Bob Estes matched the day's low round at Newport Country Club with a 4-under 66 to move into solo fifth. (USGA/Kathryn Riley)


  • The number of sub-par rounds continued to trend lower, going from 42 on Day 1 to 29 on Friday to just 23 on Saturday as the course continued to firm up. Steve Stricker, Paul Broadhurst and Bob Estes had the day’s low rounds with 66s. The scoring average was 71.11. It was 71.78 for Round 1 and 72.49 on Friday, but those were with a full field of 156 players (155 on Friday with Mike Weir’s withdrawal).

  • Third-round leader Hiroyuki Fujita hasn’t just performed on the golf course this year. Recently, he did some television commentating at a Japan Golf Tour event and told NBC’s Dan Hicks that it was a “long eight hours,” but the coffee and snacks in the booth were good.

  • Of the 71 professionals to make the 36-hole cut, 22 were qualifiers, including last-minute alternate Guy Boros, the son of 1952 and 1963 U.S. Open champion Julius Boros. Cameron Percy, who led the qualifiers through 36 holes, also made the field as an alternate from qualifying when he was edged at his Minnesota site by Mario Tiziani, the brother-in-law of 2019 champion Steve Stricker, for the final spot. 
    Michael Long was another alternate to survive the cut. Massachusetts natives Fran Quinn and Jeff Martin were among the 22 qualifiers, as was Chris Riley, a member of the 1995 USA Walker Cup Team who played in the 1995 U.S. Amateur at Newport C.C. Australian Matthew Goggin also competed in that ‘95 U.S. Amateur.
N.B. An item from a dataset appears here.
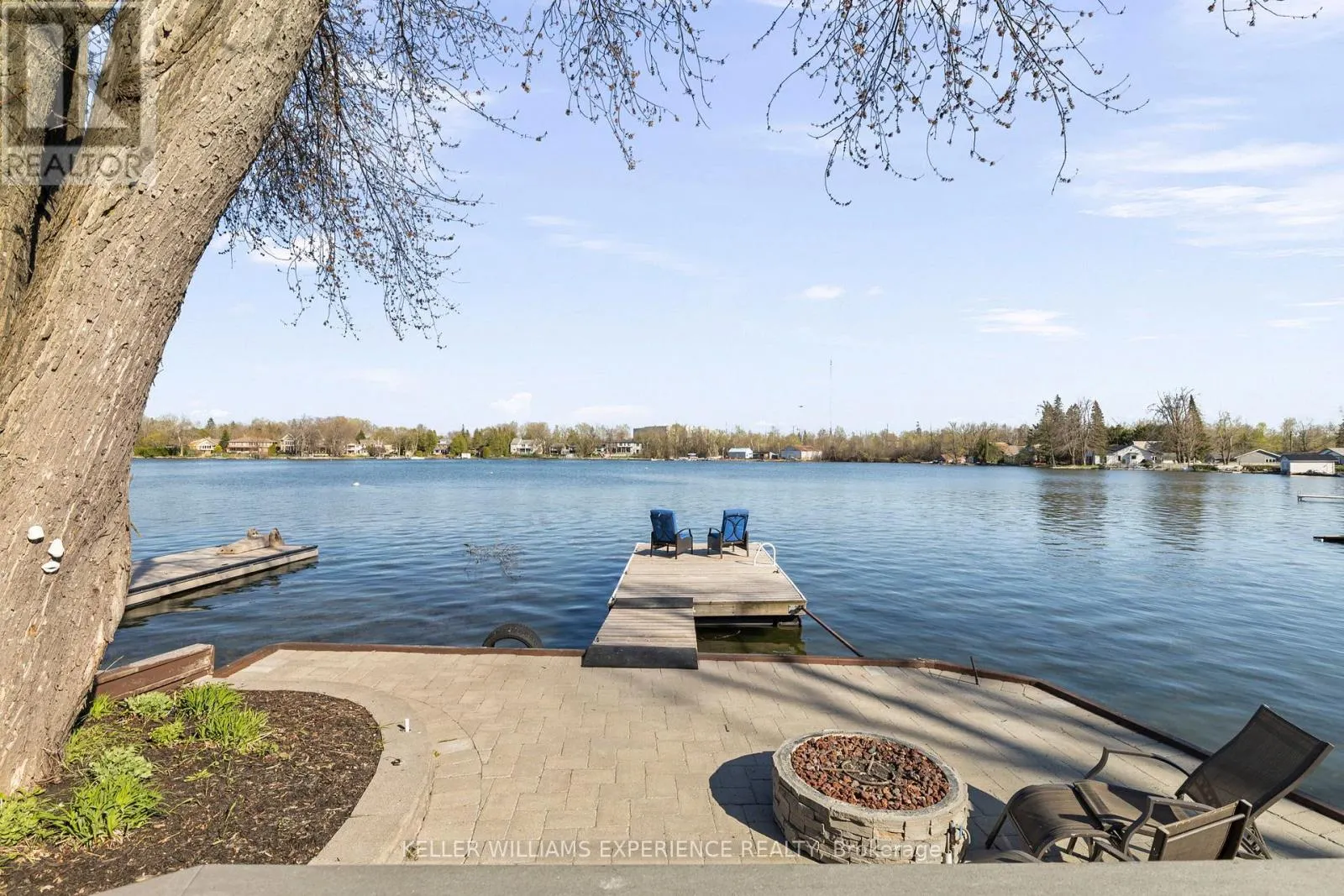 183 CEDAR ISLAND ROAD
  • Thirty-six Americans survived the cut, but so did players from 16 other countries: Australia, Canada, Denmark, England, Fiji, Germany, the Republic of Ireland, Japan, the Republic of Korea, New Zealand, Scotland, South Africa, Spain, Sweden, Thailand and Wales.
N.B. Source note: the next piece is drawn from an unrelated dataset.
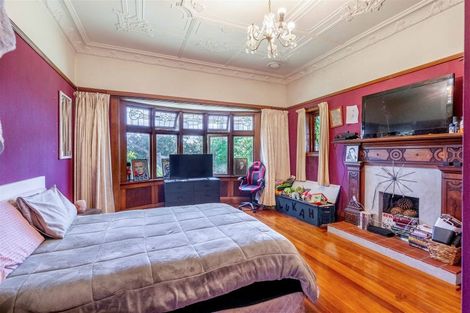 Photo of property in 58 Mitchell Street, Richmond, Invercargill, 9810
  • Australian Mark Hensby celebrated his 52nd birthday on Saturday. A day after matching the championship’s low round with a 63, that included a second-nine 29, Hensby posted a 3-over 73.


“He didn't really miss a shot all the way around. “He's very consistent, hits it in the fairway, in play, gets it on the green. [And] he putted the ball really nicely.” – Steve Stricker on 54-hole leader Hiroyuki Fujita

“Extremely lucky to have played with them. I was excited to watch them up close. They really attacked some of those pins, and it was fun to watch. Any time I come to one of these majors, I'm just excited to be around these guys. Playing with them is an honor.” – Hiroyuki Fujita on playing with Steve Stricker and Richard Green

“I didn't know. Low expectations. I think that's the key for me this week. I'm just trying to hold myself together physically, and just really take whatever the course will give me.” – Jerry Kelly after shooting 67 to get inside the top 10

“Look, the golf course is in great shape. I think, even with a little bit of rain as we're expected to get [on Sunday], it's still going to provide a big test. The question is like do you get rain and wind? That's a tough combo. Anyways, just go with it, see what Mother Nature has in store for us.” – Justin Leonard

“That's unfortunate. The golf course is in perfect condition right now. This place is meant to be kind of firm and fast and kind of linksy in feel. I think they've got it right where they probably want it right now.” – Jim Furyk when told of Sunday’s forecast of rain

“It's fantastic. [Superintendent] Chris [Coen] and his staff have been unbelievable this week with the rain that they've had last weekend and then a little bit early on. The course is perfect. Greens are great. The fairways are great. Everything about it is the way it should be.” – Brett Quigley

“If this guy misses the fairway, I will pass out,” – NBC on-course reporter Roger Maltbie as Hiroyuki Fujita (missed one fairway in three rounds) prepared to hit his drive on No. 15, one of the widest fairways at Newport C.C. Fujita hit the 15th fairway.